Kaiser on the Cleveland Clinic:
The Cleveland Clinic, one of the largest hospitals in the country, has cut its charity care spending — or the cost of free care provided to patients who can’t afford to pay — to $101 million in 2014 compared with $171 million in 2013…..
The economy got slightly better in 2014 then 2013, but the big driver here is the Affordable Care Act. Medicaid expansion in Ohio was supported by the Republican governor and as projected by anyone who can count to eleven with their shoes on, unpaid care decreased significantly because quite a few poor people who had no health insurance in 2013 now had health insurance in 2014. The Exchanges most likely played a secondary role in reducing charity care as most hospitals have charity care programs up to 200% or 300% Federal Poverty Line, and subsidized Exchange policies are now avaialable to people who make too much for Medicaid but could not get affordable insurance previously and therefore relied on some charity care.
The counterbalance is that most hospitals are seeing some of their charity care cost reductions being balanced by an increase in deductible debts. The high deductible plan design mania to keep premium costs low means that a person hit by a car or diagnosed with cancer may not be able to come up with $4,000 on the spot, and some of that debt will never be paid. However, in the diagnosed with cancer scenario, the hospital might be out $4,000 but collect $25,000 from the insurer instead of eating the entire cost on charity care so it is still a massive net win.
This basic dynamic is why so many analysts (myself included) had thought that Southern and Great Plain state hospital associations would go to war with the Teabaggers to get Medicaid expansion passed as there is way too much money on the table. So far most of the hospital associations have not funded primaries or (gasp) Democrats against Teabaggers, but that is the way forward for most of the remaining hold out states to get Medicaid expansion. I think the incentive to go to the mattresses will increase as Disproportionate Share Hospital payments begin to get cut in the near future. That won’t on net hurt hospitals in Medicaid expansion states, but it will kill rural hospitals in the sadist states.
currants
“go to the mattresses”? Is that the same as “go to the mat”? (which for some reason I always thought was a wrestling term, but maybe not?)
currants
[But to your main point, Richard, yes, this is another big deal, one that was predicted–and good to see come to fruition.
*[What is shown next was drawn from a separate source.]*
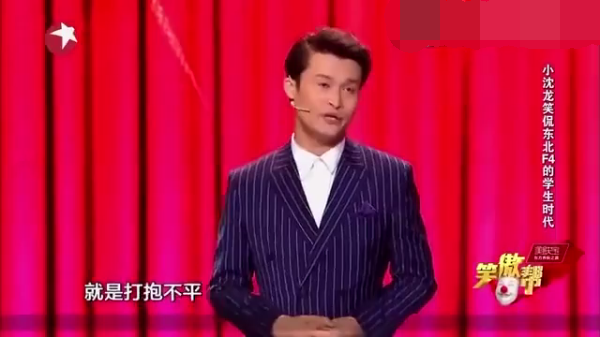 主图-东北F4的学生时代.png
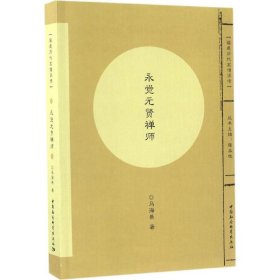 福建历代高僧评传：永觉元贤禅师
Glad so many people have that much more stability, even though still poor.]
WereBear
So they will ultimately kill their own most loyal voters.
Sister Rail Gun of Warm Humanitarianism
@currants: It’s a Godfather reference.
rikyrah
thank you for this post.
the Hospital Associations better step up to the plate.
patrick II
Of course the best hope for the sadist states to actually take the steps necessary to keep their citizens healthy is a financial reason, not a health reason. If people die it is o.k., as long as the state’s profit making centers stay solvent.
Mike J
@currants: http://www.phrases.org.uk/meanings/159900.html
raven
@currants: If they don’t get their shit together they’s gonna sleep with the fishes!
Major Major Major Major
Sky blue, water wet, social insurance programs save money in the long run, not to mention lives.
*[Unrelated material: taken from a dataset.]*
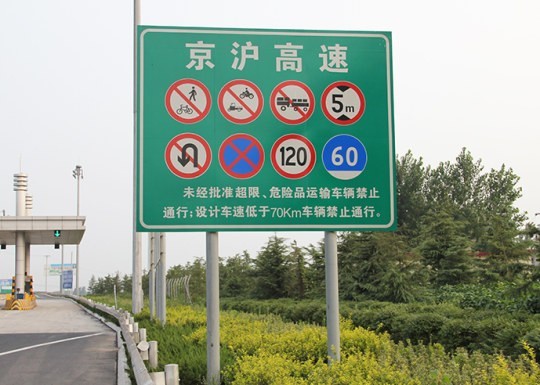 蘭山區(qū)道路標識牌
If only we could get more than 40% of the country to grok that. I’d be surprised if that many were even capable of “sky blue, water wet.”
MomSense
The poor rural hospitals in Maine could seriously use the infusion of Medicaid funds and the poor people in places like Washington County could absolutely use some medical care.
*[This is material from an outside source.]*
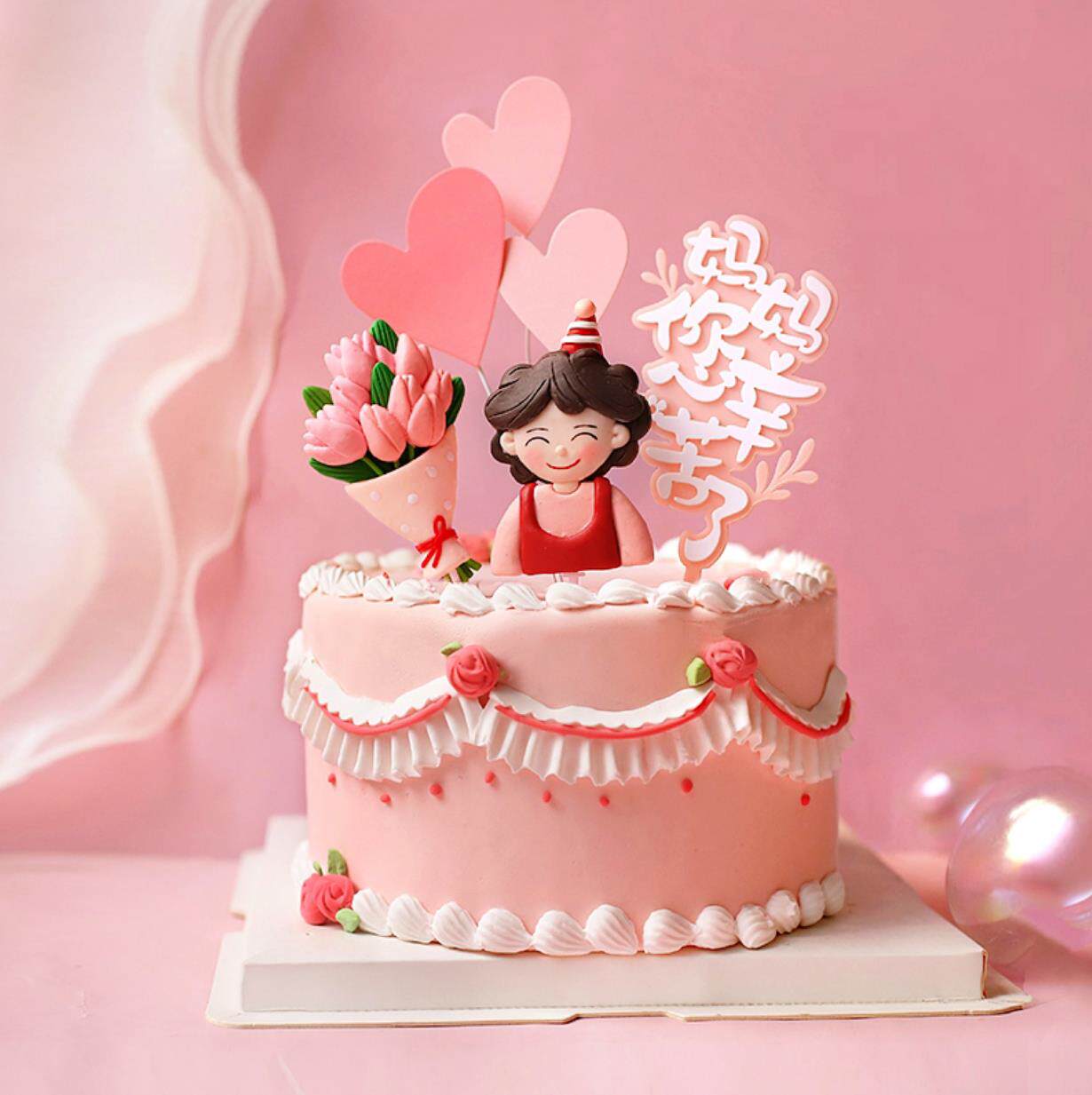 Mom you have hard earned birthday cake Soft pottery plug-in decorative swing accessories Mother's Day cake baking plug-in material bag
It has been under the radar of the national media but our governor is fixing to bring his fight to kick low income young adults off Medicaid to the SCOTUS. The messaging they are doing is infuriating. It boils down to they should get a job and then we can give that money to the elderly and besides we are tired of having to follow the whims of eebil gubmint.
boatboy_srq
At least some of this comes from underestimating the resistance. The widespread refusal by Red states to adopt Medicaid expansion was not generally expected. One would hope that, now that the stakes are so obvious in both the public health results and the hospitals’ balance sheets, that the healthcare provider sector will finally get on board. We’ve already seen what happens when business opposes wingnuttery (in Indiana and Arkansas): all that’s needed here is the healthcare equivalent of those actions.
Violet
If hospital associations don’t get on board are hospital beds going to have horse heads in them?
Major Major Major Major
@boatboy_srq: I don’t know about that. The whole point of the 2012 decision was that the “use it or lose it” part of the Medicaid expansion funding was unconstitutional coercion, no? That would imply that the law was attempting a carrot and stick approach, and while I usually wouldn’t trust a word Roberts writes, I seem to recall the same approach being the basic theory behind the way the expansion was drafted.
Frankensteinbeck
@Major Major Major Major:
They do grok that. They know what they’re doing and are getting the results they want. Their values are not the same as ours. The Unworthy suffering is a good thing by their standards.
@boatboy_srq:
Have we? I am reminded of the debt ceiling crisis. Business won, with the aid of everyone who wasn’t fucking insane also declaring their anger, but it was a pyrrhic victory where the downgrade hurt business. These forces are more evenly matched than you think, and only because when business throws in against the Tea Jerks, it’s because absolutely everyone else has thrown in.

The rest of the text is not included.